Une immense révolution s’amorce au XIXe siècle car il devient possible d’utiliser massivement d’immenses quantité d’énergie sous forme de charbon, de pétrole, de gaz, une énergie accumulée durant des millions d’années sous terre. Chaque humain aura potentiellement à sa disposition plusieurs centaines d’esclaves énergétiques pour produire plus, plus vite ou pour alléger ses souffrances. Pourtant les ceux-qui-font ne virent pas soudainement leur sort s’améliorer. En 1906, un « coup de poussier » ravagea la mine de charbon de Courrière dévastant 110 km de galeries et faisant 1099 morts. Les mineurs à l’époque étaient obligés de dépenser l’intégralité de leur salaire pour acheter les biens de première nécessité. Les enfants de 10-16 ans constituaient 10% des effectifs. La durée du travail dépendait de la demande mais était de l’ordre de 11 heures par jour. Les possibilités de dépense énergétique avaient été plus que décuplées mais le sort des ouvriers était comme précédemment de l’ordre de la survie.

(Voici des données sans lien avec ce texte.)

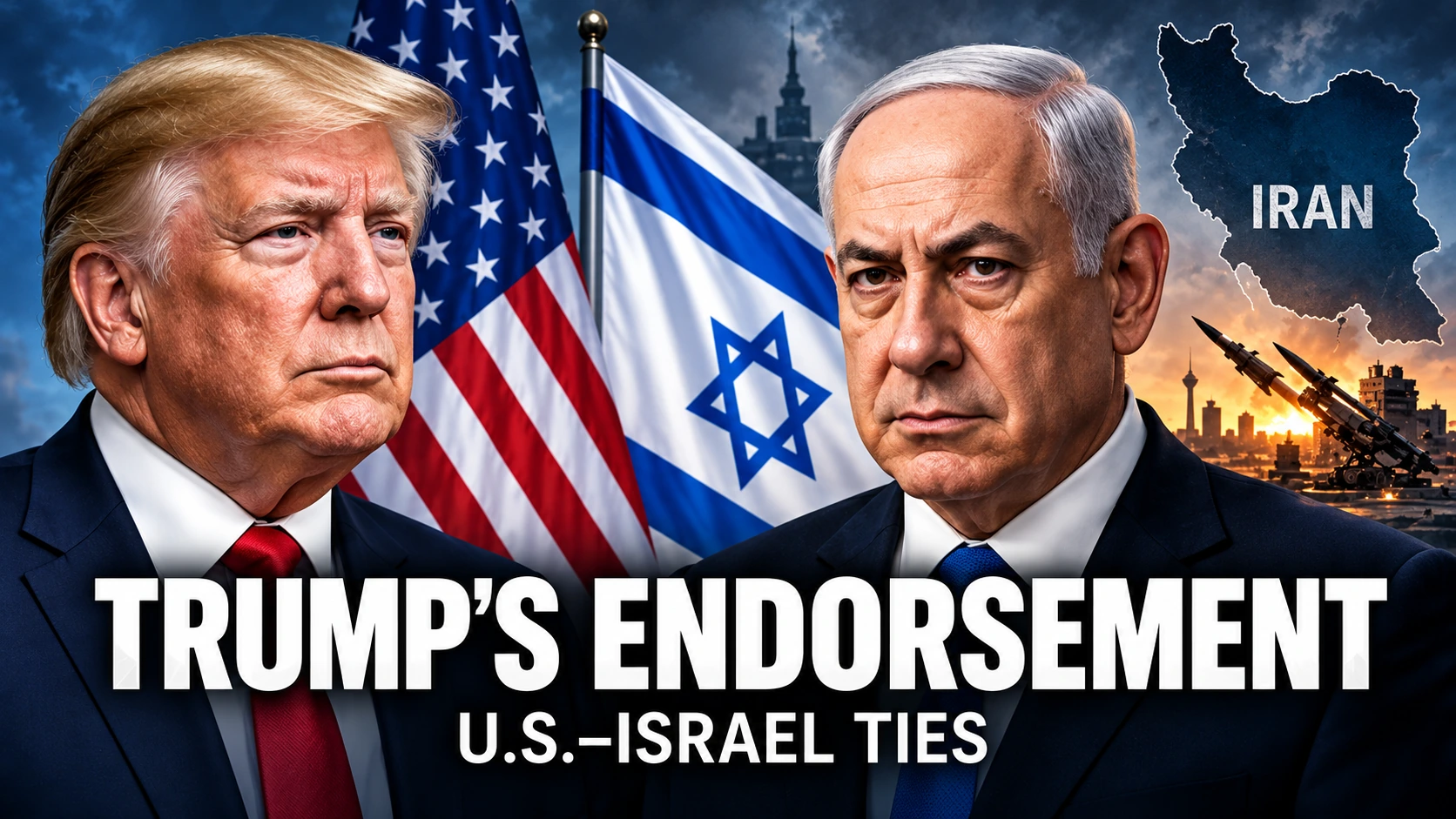 Editorial infographic showing Donald Trump's public endorsement of Benjamin Netanyahu alongside the strategic relationship between the United States, Israel, and Iran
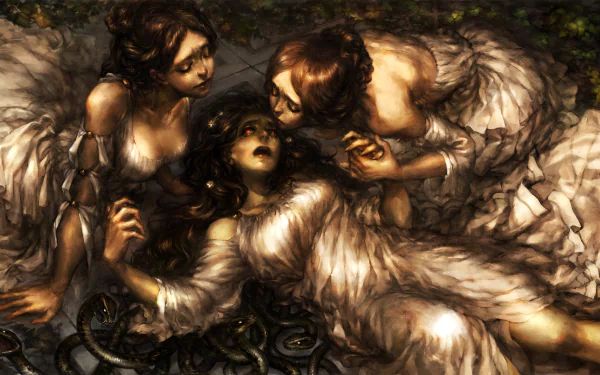 HD PC desktop wallpaper from the video game Dragon's Crown, depicting three women in tattered white dresses surrounded by dark, serpentine shapes in a dramatic, fantasy art style.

La consommation mondiale d’énergie entre 1800 et 2000 a été multipliée par un facteur 30 grâce aux énergies fossiles. Le pouvoir s’est-il dilué dans la population, les ceux-qui-font se confondent-ils avec les ceux-qui-font-faire ? Une caractéristique des propositions intellectuelles c’est que l’on ne peut juger de leur validité que bien longtemps après leur formulation, généralement après la mort de leur auteur. Les ceux-qui-font n’ont pas cette chance, la qualité de leur travail se juge au premier coup d’œil : ils ne peuvent pas devenir des dieux. Les autres non plus, mais il est plus difficile de s’en rendre compte. Les dominants ne dominent jamais par leur talent mais par la crainte qu’ils peuvent inspirer : ils peuvent devenir sorciers en jetant un sort ou ruiner un péquin. A travers les temps, les plus forts, ceux investi par les dieux, mystérieux mais omniprésents, ont régi le monde. Un autre dieu leur a succédé, moins puissant dans l'imaginaire mais plus efficace dans le réel, présent dans le monde entier avec le même visage, capable de miracles bien visibles : l’argent-roi. Longtemps les marchands ne pouvaient thésauriser qu'en contrepartie de biens réels, ce qui limitait leur mainmise sur la société. Lorsque le système bancaire permit la pure spéculation indépendamment de toute connexion au réel, la fortune fut élevée au divin. Les chiffres s'additionnent aux nombres sans que rien ne permette que l'on puisse toucher du doigt ce qui s'y attache. L'argent-roi était transmuté en argent-dieu, capable de tout et surtout de maintenir les ceux-qui-font dans leurs culs de basse-fosse.
La production de montagnes de richesses grâce aux abondantes énergies disponibles et à l'ingéniosité de quelques-uns (essentiellement d'ailleurs des ceux-qui-font) aurait pu conduire à gommer les différences entre manuels et intellectuels qui ne repose sur rien d'autre que sur l’instinct de domination. Ce ne fut pas le cas, et cet état de fait ne peut pas s'améliorer avec la disette énergétique qui se profile. La France d'aujourd'hui compte des millions de personnes qui, comme leurs aïeux, en sont réduites à survivre. Les efforts de production ont été pour l'essentiel délocalisés dans des pays lointains permettant de faire produire tout ce que les nations occidentales ont besoin par des ceux-qui-font dans la misère mais loin des yeux.
Les changements sociétaux que le Monde est condamné à subir n'iront pas vers plus de justice et ne permettront pas davantage au bon sens de pouvoir s'exprimer. Un Duce 2.0 , évidemment programmé par les ceux-qui-font-faire, prendra le relais pour remplacer des humains devenus visiblement trop semblables à leurs semblables.